You are forgetting that your status quo belief also has to come from somewhere, and its quality of evidence is probably worse than those alternatives you are attacking for not being good enough to change your belief. If it was better you would present it.


So how are you supposed to make an informed choice on vaccination? You can't trust the NYT, apparently, and probably not the New England Journal of Medicine, either?

Do you just count the number of sources supporting the different views? That would seem to be some other, equally bad, form of fallacy.

Is there any sort of evidence that is valid in your critical eyes that can be transmitted electronically? Or does anyone faced with the choice to vaccinate their children have to run their own randomised clinical trial? That would seem prohibitively cumbersome, and also logically inconsistent because you would have to find a few thousand people willing to participate in your trial who shouldn't trust you not to poison them, by your logic.

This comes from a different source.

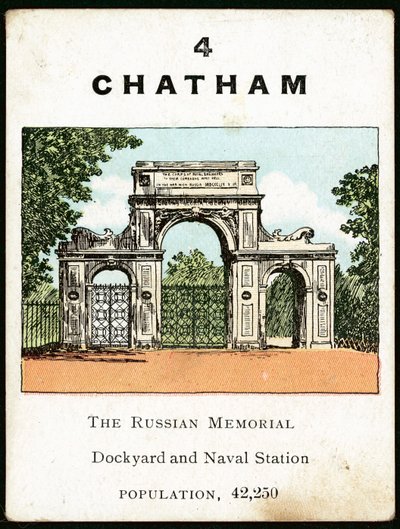 Chatham (színes litho) alkotó: English School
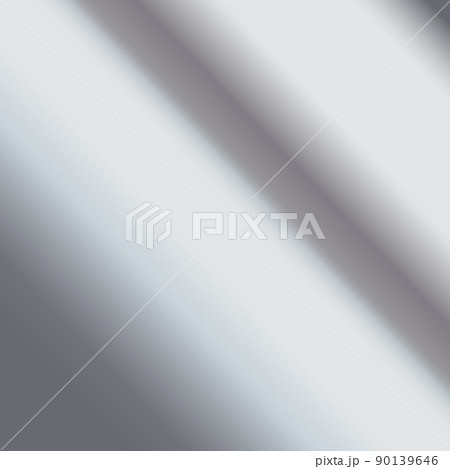 Silver texture, aluminum web background template - Vector 90139646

In simple terms I'd say there are authoritative opinions and there is evidence presented by authorities. You may trust some authorities to provide you with all the necessary evidence to form an opinion, seek evidence from multiple independent authorities, etc. and form an informed opinion. But you cannot trust an authoritative opinion in a newspaper. Newspapers exist to make people trust them, to appeal to authority so they can influence people's opinions arbitrarily any way they see fit and sell that influence, pretty much guaranteeing you are not exposed to an informed opinion.


I don't quite the distinction you're making. A paper being published in a reputable journal is almost by definition relying on its authority. Even if they allow you to download the underlying data, it won't contain any personal identifying information of trial participants that you could verify.

> Newspapers exist to make people trust them, to appeal to authority so they can influence people's opinions arbitrarily any way they see fit and sell that influence

That just reads like some conspiracy theory. Newspapers get people to trust them by being reliable. I don't need to evaluate every single story they run when I have done so with some subset and usually found them to be correct.


> Even if they allow you to download the underlying data, it won't contain any personal identifying information of trial participants that you could verify.

Yes, that's a problem. That's why you need multiple independent authorities to get to a usable level of trustworthiness of information.

> Newspapers get people to trust them by being reliable.

If you are an expert in any subject newspaper reports on, you should be able to find plenty of evidence that it doesn't report anything how it actually is from your expert opinion. Best case it reports one tiny thing correctly and ignores all other facts important to make an informed opinion.